New York Amends RAISE Act, Aligns with California
by
April 7, 2026
Last December, New York passed the Responsible AI Safety and Education (RAISE) Act. The law is designed to regulate “frontier AI” models and mitigate any “catastrophic risks” posed by their development and operation. California’s Transparency in Frontier Artificial Intelligence Act (TFAIA) serves a similar purpose. Recent amendments to the RAISE Act bring many of the law’s substantive and scoping provisions into alignment with TFAIA, creating a more cohesive regulatory landscape for frontier developers. A recent Cooley memo summarizes the high-level changes to the RAISE Act:
“The amended RAISE Act replaces the original law’s requirement to publish and maintain a ‘safety and security protocol,’ with a new obligation to publish a ‘frontier AI framework’ – the same term used in the TFAIA. Under the original RAISE Act, the safety and security protocol had to specify protections to reduce the risk of ‘critical harm,’ describe cybersecurity measures, detail testing procedures, and designate senior compliance personnel. The amended law instead requires large frontier developers to publish a frontier AI framework describing how the developer handles ‘catastrophic risk’ thresholds, mitigations, third-party evaluations, cybersecurity practices, critical safety incidents, and internal governance. These framework requirements, including the defined term “catastrophic risk,” are copied from the TFAIA.”
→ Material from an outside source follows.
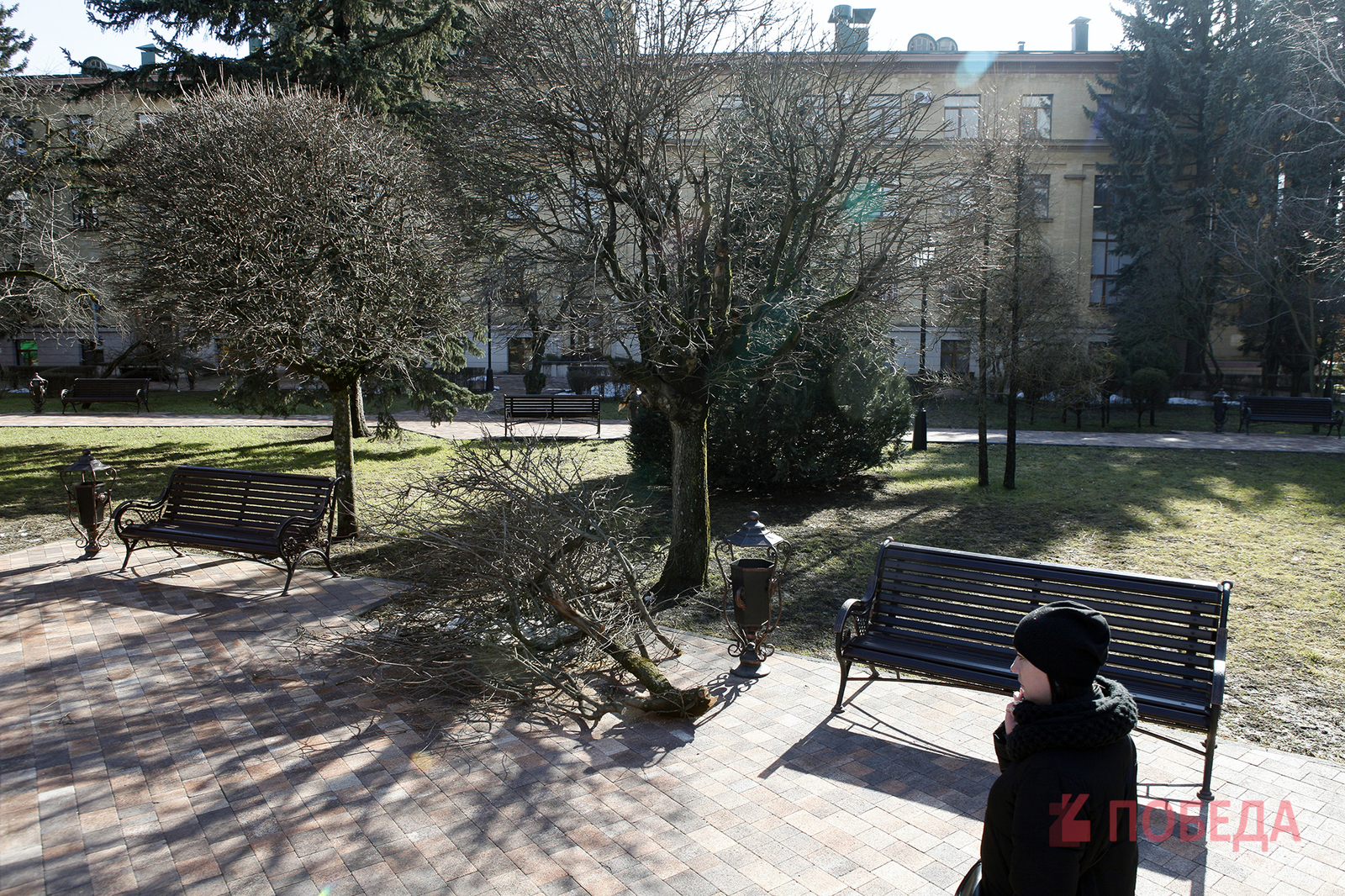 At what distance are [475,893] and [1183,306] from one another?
31551mm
The memo notes that the RAISE Act amendments also include a new transparency report requirement mirroring California law. While the amendments align the laws on several key points, there are still some substantive differences in the legislation. These include higher penalties under the New York law, along with fewer whistleblower protections, shorter incident reporting timelines, and unique disclosure requirements for “large frontier developers.” The RAISE Act is now set to take effect on January 1, 2027.